▶ [Directions]: Although the listing contains pictures, reproduce only its text, exactly as written.

▶ [Data]:

■ ■ ■

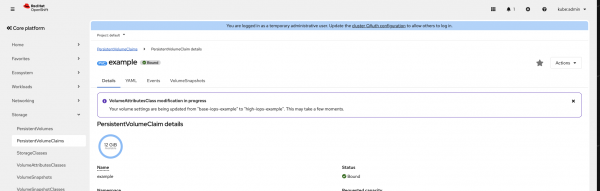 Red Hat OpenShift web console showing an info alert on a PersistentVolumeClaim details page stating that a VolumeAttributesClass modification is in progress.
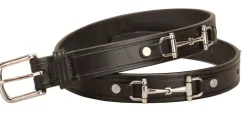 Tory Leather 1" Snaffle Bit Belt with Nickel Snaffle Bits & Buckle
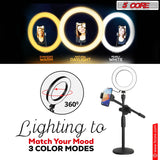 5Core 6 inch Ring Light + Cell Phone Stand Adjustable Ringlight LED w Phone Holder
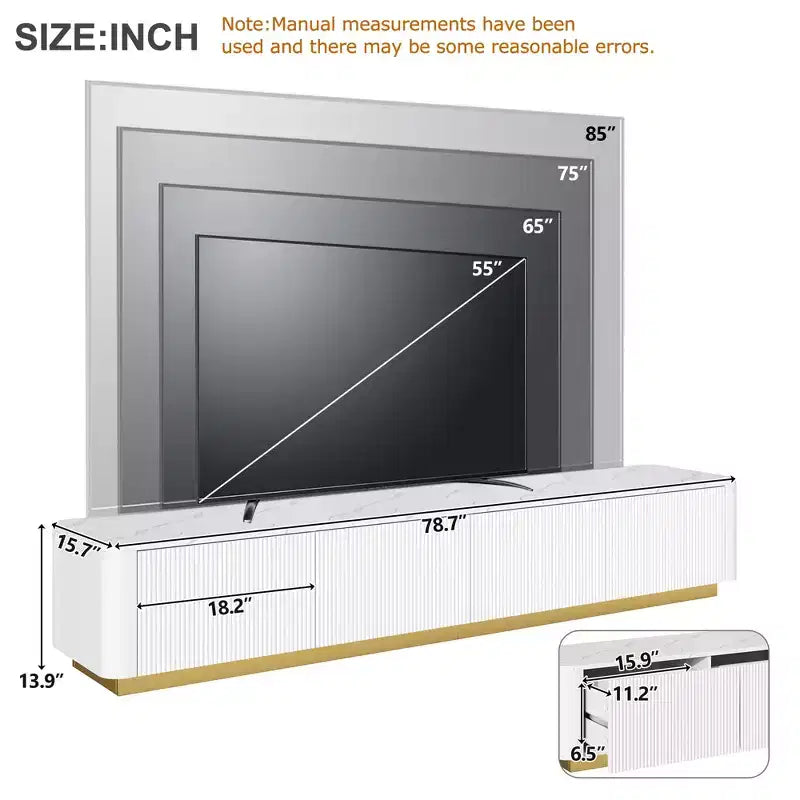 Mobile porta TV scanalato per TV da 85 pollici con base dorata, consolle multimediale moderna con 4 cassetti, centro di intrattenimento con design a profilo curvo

■ ■ ■

▶ [Answer to the problem]:
 Red Hat OpenShift web console showing an info alert on a PersistentVolumeClaim details page stating that a VolumeAttributesClass modification is in progress.
 Tory Leather 1" Snaffle Bit Belt with Nickel Snaffle Bits & Buckle
 5Core 6 inch Ring Light + Cell Phone Stand Adjustable Ringlight LED w Phone Holder
 Mobile porta TV scanalato per TV da 85 pollici con base dorata, consolle multimediale moderna con 4 cassetti, centro di intrattenimento con design a profilo curvo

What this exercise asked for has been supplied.